L’Encyclopédie/1re édition/FESCENNIN

FESCENNIN (vers) adj. m. (Littérat.) en latin fescennini versus, vers libres & grossiers qu’on chantoit à Rome dans les fêtes, dans les divertissemens ordinaires, & principalement dans les nôces.

Les vers fescennins ou saturnins (car on leur a donné cette seconde épithete), étoient rudes, sans aucune mesure juste, & tenoient plus de la prose cadencée que des vers, comme étant nés sur le champ & faits pour un peuple encore sauvage, qui ne connoissoit d’autres maîtres que la joie & les vapeurs du vin. Ces vers étoient souvent remplis de railleries grossieres, & accompagnées de postures libres & de danses deshonnêtes. On n’a qu’à se représenter des paysans qui dansent lourdement, qui se raillent par des impromptus rustiques ; & dans ces momens, ou avec une malignité naturelle à l’homme, & de plus aiguisée par le vin, on les voit se reprocher tour-à-tour tout ce qu’ils savent les uns des autres : c’est ce qu’Horace nous apprend dans une épitre qu’il adresse à Auguste :

Fescennina per hunc inventa licentia morem
Versibus alternis, opprobria rustica fudit.

Epist. 1. lib. II. v. 145.

Les vers libres & obscenes prirent le nom de fescennins, parce qu’ils furent inventés par les habitans de Fescennie, ville de Toscane, dont les ruines se voyent encore à un bon quart de lieue de Galèse.

Les peuples de Fescennie accompagnoient leurs fêtes & leurs réjoüissances publiques, de représentations champêtres, où des baladins déclamoient des especes de vers fort grossiers, & faisoient mille bouffonneries dans le même goût. Ils gardoient encore moins de mesure dans la célébration des nôces, où ils ne rougissoient point de salir leurs poésies par la licence des expressions : c’est de-là que les Latins ont dit, fescennina licentia, & fescennina locutio, pour marquer principalement les vers sales & deshonnêtes que l’on chantoit aux nôces.

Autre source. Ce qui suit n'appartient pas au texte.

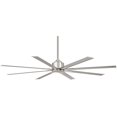 thumbnail image 1 of Minka Aire Xtreme H2O 65" 65" Outdoor Ceiling Fan - Brushed Nickel Wet - F886-65-BNW, 1 of 1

Ces sortes de vers parurent sur le théatre, & tinrent lieu aux Romains de drame régulier pendant près de six vingts ans. La satyre mordante à laquelle on les employa, les décrédita encore plus que leur grossiereté primitive ; & pour lors ils devinrent vraiment redoutables. On rapporte qu’Auguste, pendant le Triumvirat, fit des vers fescennins contre Pollion, mais que celui-ci, avec tout l’esprit propre pour y bien répondre, eut la prudence de n’en rien faire ; « parce que, disoit-il, il y avoit trop à risquer d’écrire contre un homme qui pouvoit proscrire ».

Enfin Catulle voyant que les vers fescennins employés pour la satyre étoient proscrits par l’autorité publique, & que leur grossiereté dans les épithalames n’étoit plus du goût de son siecle, il les perfectionna & les châtia en apparence du côté de l’expression : mais s’il les rendit plus chastes par le style, en proscrivant les termes grossiers, ils ne furent pas moins obscenes pour le sens, & bien plus dangereux pour les mœurs. Les termes libres d’un soldat gâtent moins le cœur, que les discours fins, ingénieux, & délicatement tournés d’un homme qui fait métier de la galanterie. Pétrone est moins à craindre dans ses ordures grossieres que ne le sont des expressions voilées semblables à celles dont le comte de Bussy Rabutin a revêtu ses Amours des Gaules. Article de M. le Chevalier de Jaucourt.